I wasn’t especially pleased with the end result, although this also attracted positive feedback. My printer was one of the pieces of technology which failed – and did so quite spectacularly. So, getting two images printed at all was an achievement. I don’t think the background was particularly attractive or complimentary to the images. This is an area of ongoing research.
However, the end result was extremely valuable in terms of evaluating how my photographic style has developed over a period of time. Additionally, this was invaluable as an exercise in real-time, “on the hoof” problem solving (“Repeat Photography & Rephotography”). “MacGyver … “
Looking ahead, week two presents a chance to produce a movie type trailer. This will really be unchartered territory for me. Let’s see what transpires …
It was, I think, inevitable that I would be drawn to Ed Ruscha’s 1969 work “Crackers” – a story told in images of a man who takes his date to a hotel room, persuades her to undress before covering her body in tomato, cucumber and salad dressing. He goes off to buy some crackers, having realised he forgot this important item, never to return.
Before I even picked up my camera to shoot the series of images for this project, I had the idea of producing an interactive ebook – my mind “free wheeled” after reading the brief and I decided pretty quickly on a variation to a photobook.
However, producing an interactive ebook proved to be less than simple, largely because the software needed to both produce and subsequently read this type of publication is not universally available. Furthermore, interactive ebooks prove to be a particular problem for Mac users.
Nevertheless, this has been both an interesting and invaluable learning experience and I am grateful to those with greater IT knowledge than myself who provided assistance, and also to those who took time to test prototypes.
The alternative method of dissemination remains, therefore, as a standard photobook which is awaiting publication whilst I evaluate the various companies which offer photobook printing services.
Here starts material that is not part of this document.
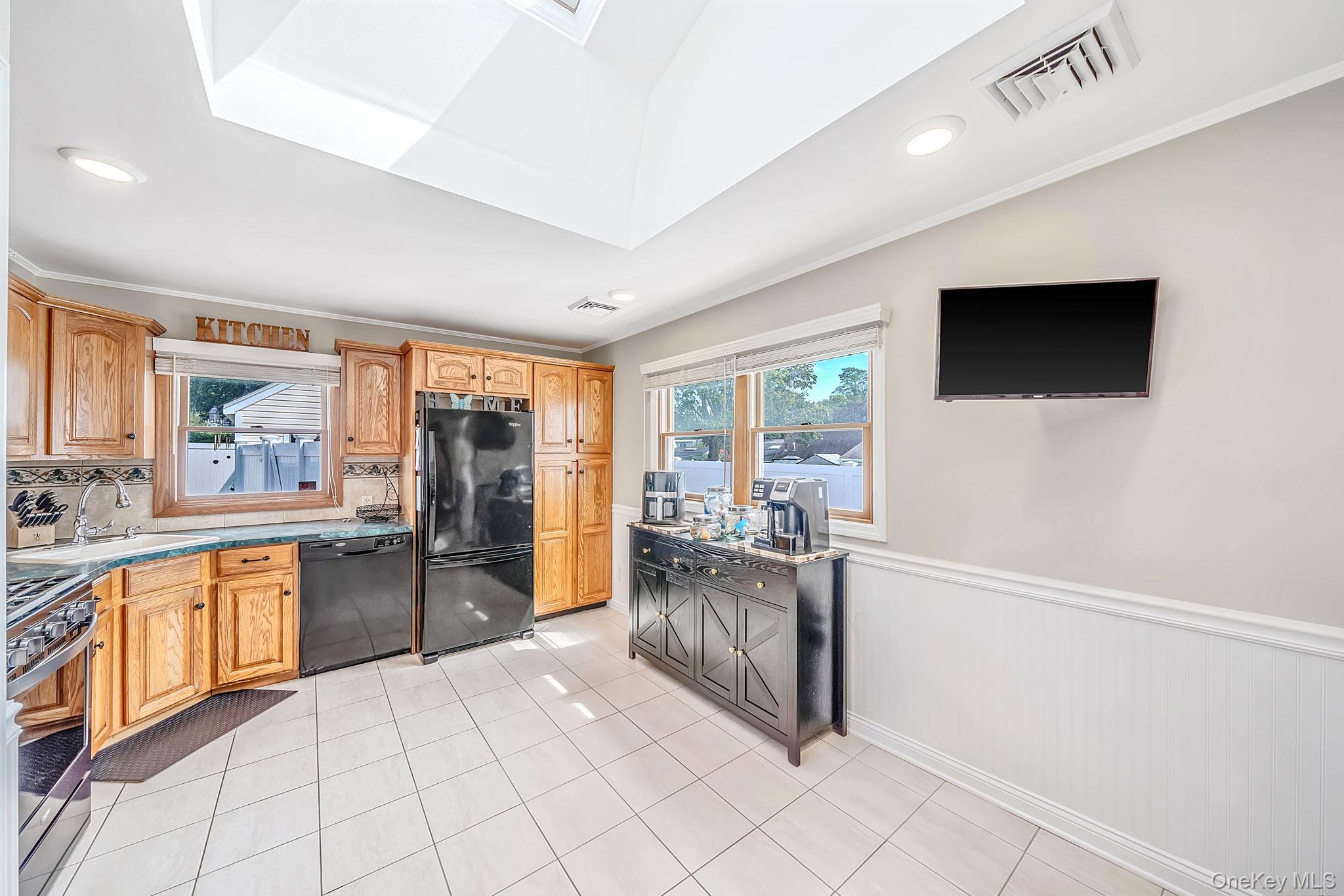 Single Family Secatogue Avenue Suffolk County, NY 11735, MLS-1050619-10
At the moment, the concept is for a soft cover book, 8 x 8”.
Morris, 2013 & 2017. Sushi
Revisit an early image, print off the old and the new, and photograph them side by side.
This was a seemingly easy project to work on. However, it became a mountainous task: everything involved in this task went wrong – camera, printer, everything.
Nevertheless, it was through overcoming these issues that this was a richer learning experience.
The image I revisited was chosen specifically because it is one of the earliest examples of my food photography and therefore allows me to view images over the longest possible period of time.
I think revisiting images of food differs from the revisiting of other subjects because of the highly ephemeral nature of food: there are no fixed co-ordinates to which a food photographer can return in one or two years’ time. Consequently, because the original subject, for me, no longer exists, the real value in this exercise was in appreciating how my photographic practice has developed over time.
I took the view that the comparison lent itself to a scrapbook type of presentation and shot the two images attached to some handmade craft paper.